Risk our lives or wait till the law is implemented?

Today is the second time I was seriously charged by an elephant because of the irresponsible behavior of people.

The first time was on 25th January at 10:20 am (these things tend to stick to memory). The personnel of a nearby school at Vazhaithottam came to the river near our house throwing loud fire crackers. I went to let them know they were elephants around and was charged very seriously by Cortes. This happened because I was looking for him on the wrong side and I could not see him early enough. I was probably three seconds from being killed if my wife hadn’t shouted at the top of her voice during the charge and also risked her life by running towards the elephant. Elephants get confused when they hear loud noise and tend to lose their focus of the target.

Cortes immediately after breaking the charge. Photo Peter Davidar.

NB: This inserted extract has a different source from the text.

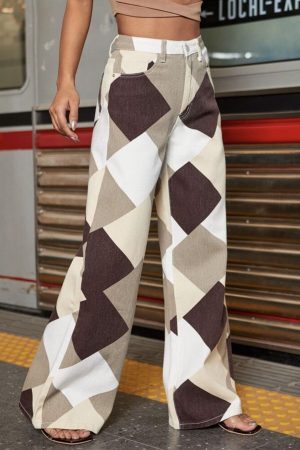 Style Core Aesthetics, New Style Trends - Y2K Harlequin Wide Leg Jeans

It happened again today. We saw a group of seven people and a dog walking near the river again at 10:00 am coming from the Mavinhalla village. I went to advise them to leave. I barely had the time to ask them who they were and where they had come from, when I saw an elephant charging. I only had the time to shout “run”. Luckily, we all managed to reach the house safely, but if I had not gone at the risk of my life, they would have been casualties.

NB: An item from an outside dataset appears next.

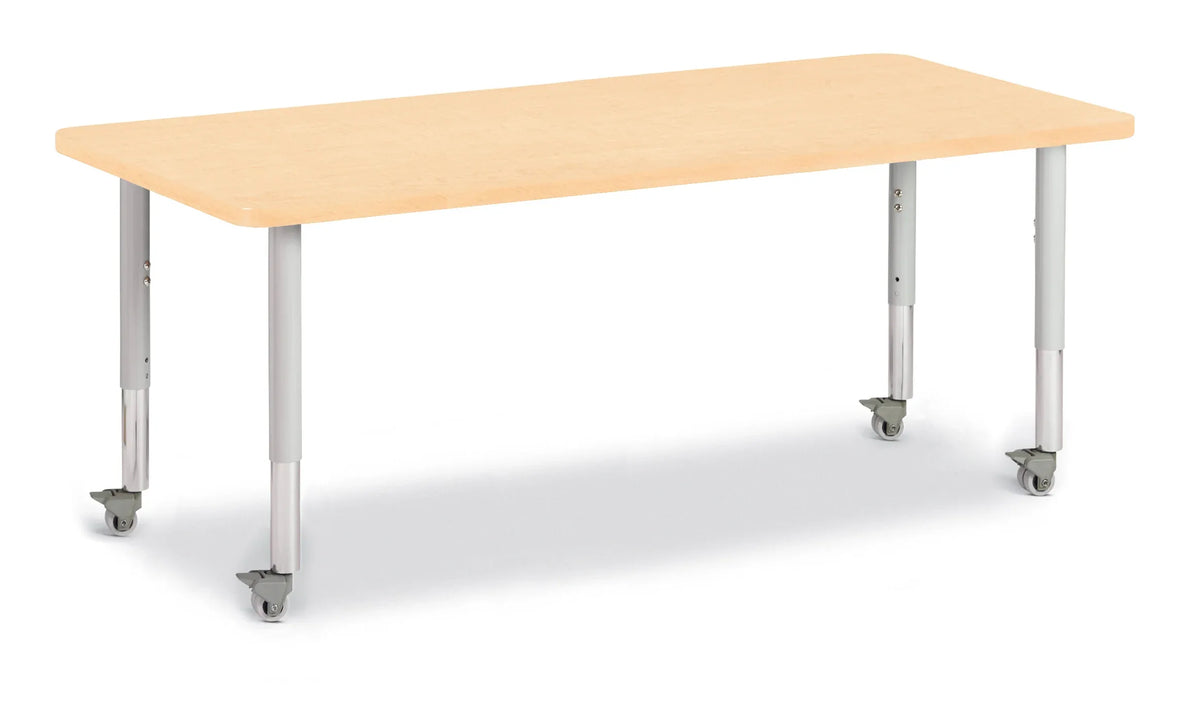 Berries® Rectangle Activity Table - 30" X 72", Mobile - Maple/Maple/Gray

Group of tourists after the charge. One person is hidden, recovering. You can also suffer cardiac arrest…

Recorded human deaths due to an elephant charge due to human disturbance inflate the statistics of human-elephant conflict (HEC). However, as we can see here, there was no conflict. In the first case, a few local people wanted to have a good time near a stream across from a Reserved Forest. In this place they are bound to meet with elephants. In order to do what they want, they  regularly disturb threatened species – in a protected area. In the second case, the group of tourists came from a house that operates as an illegal guest house and absolutely everyone knows about it. Illegal business do not trouble themselves with visitors’ safety and environment regulation.

The question is: when is the law going to be enforced before someone is killed?